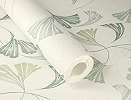 Dekor tapéta ginkgo levél mintával zöld és arany csillámos színben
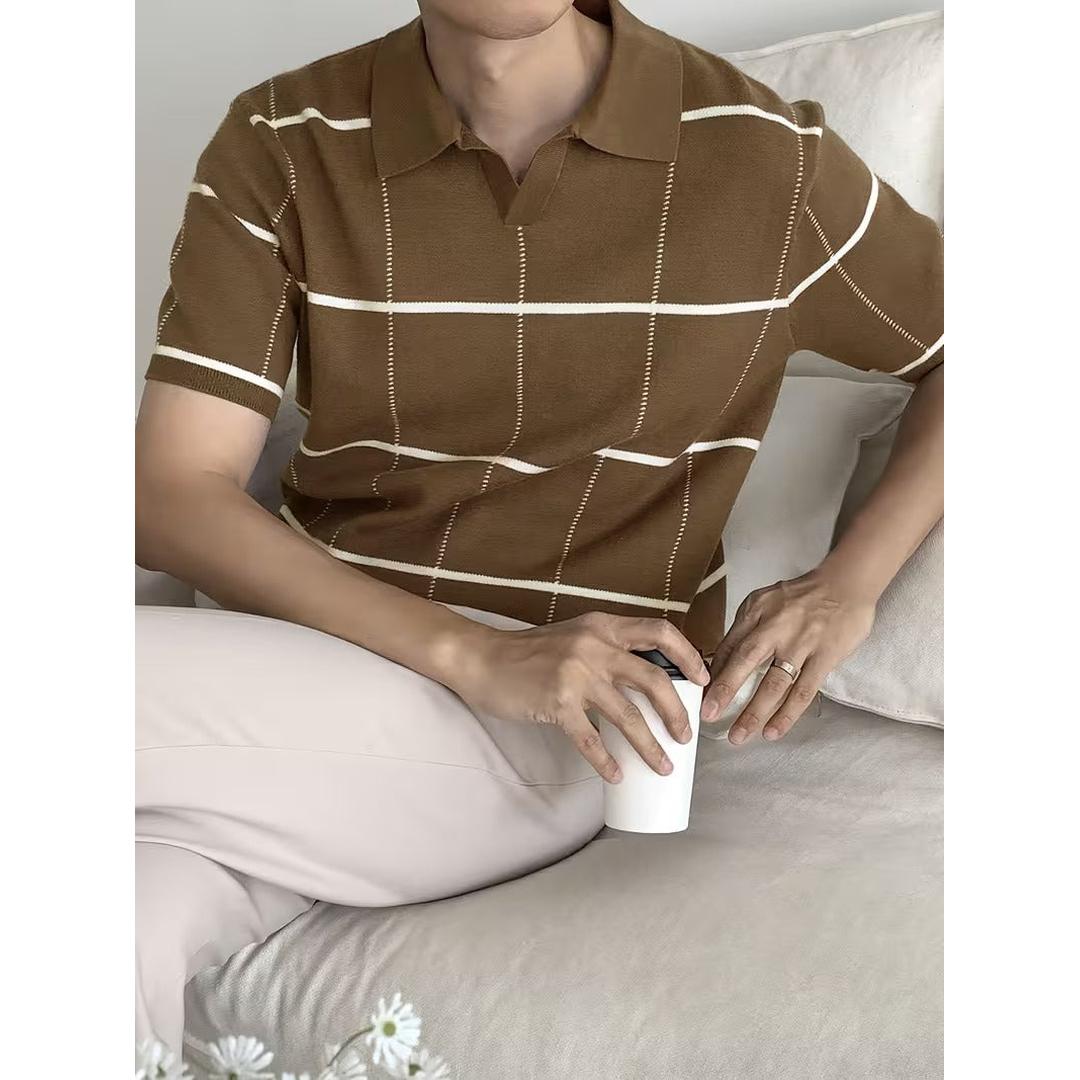 Men’s Short Sleeve Shirt with Large Check Pattern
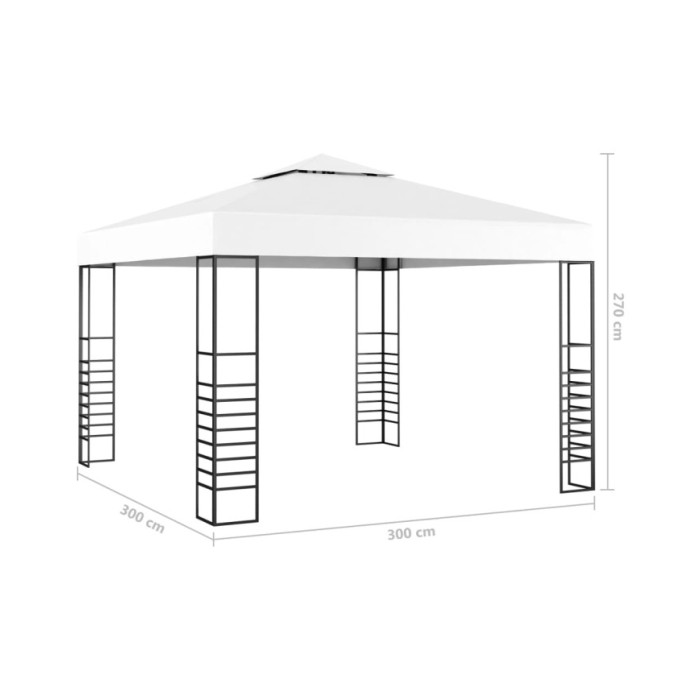 Chapiteau de jardin avec guirlande lumineuse à LED 3x3 m Blanc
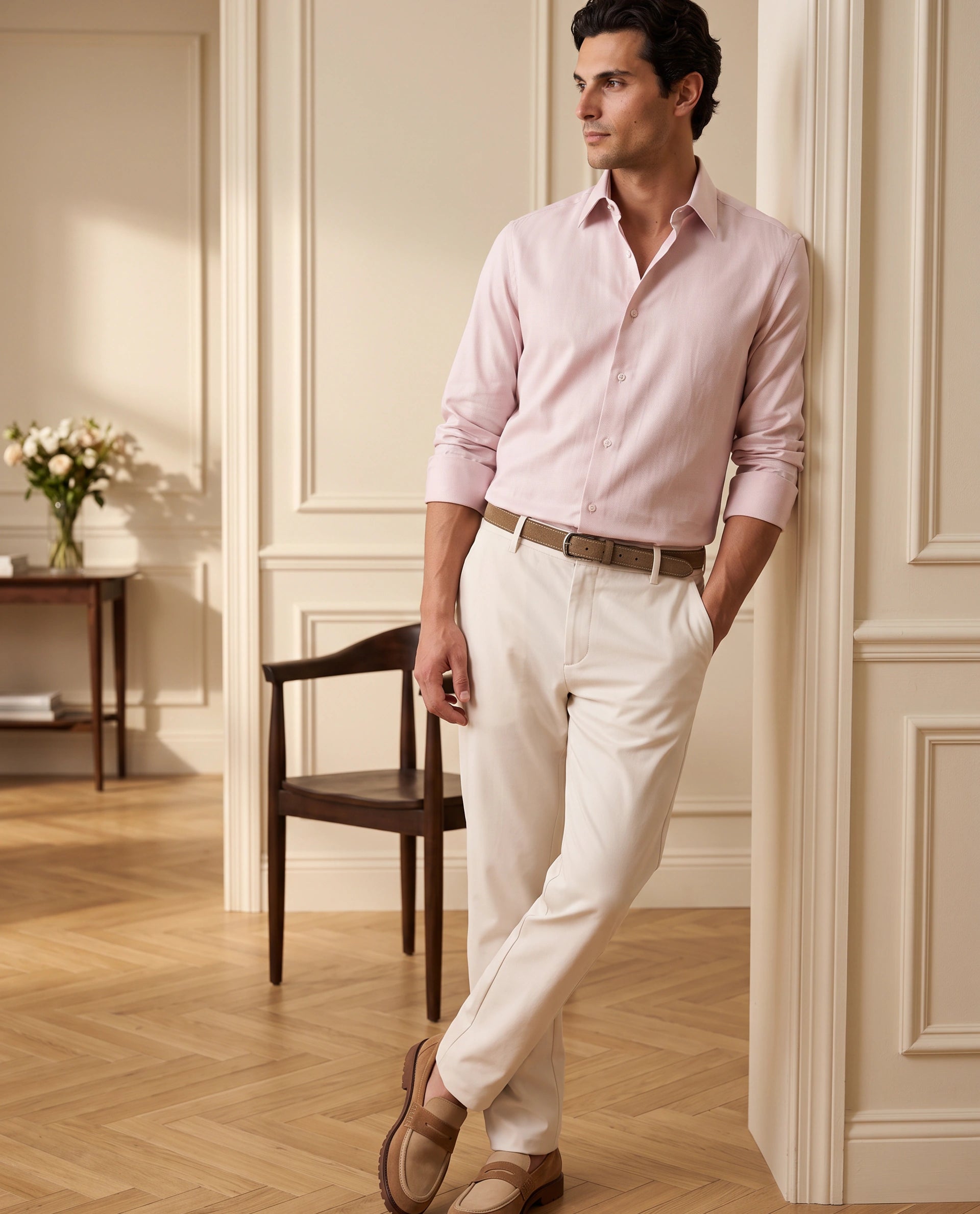 Rare Rabbit Men's Clade Light Pink Cotton Spread Collar Button Regular Plain Shirt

■ **Requirement**
Reproduce each line above exactly, but not a single picture.

■ **Exercise answer**
 Dekor tapéta ginkgo levél mintával zöld és arany csillámos színben
 Men’s Short Sleeve Shirt with Large Check Pattern
 Chapiteau de jardin avec guirlande lumineuse à LED 3x3 m Blanc
 Rare Rabbit Men's Clade Light Pink Cotton Spread Collar Button Regular Plain Shirt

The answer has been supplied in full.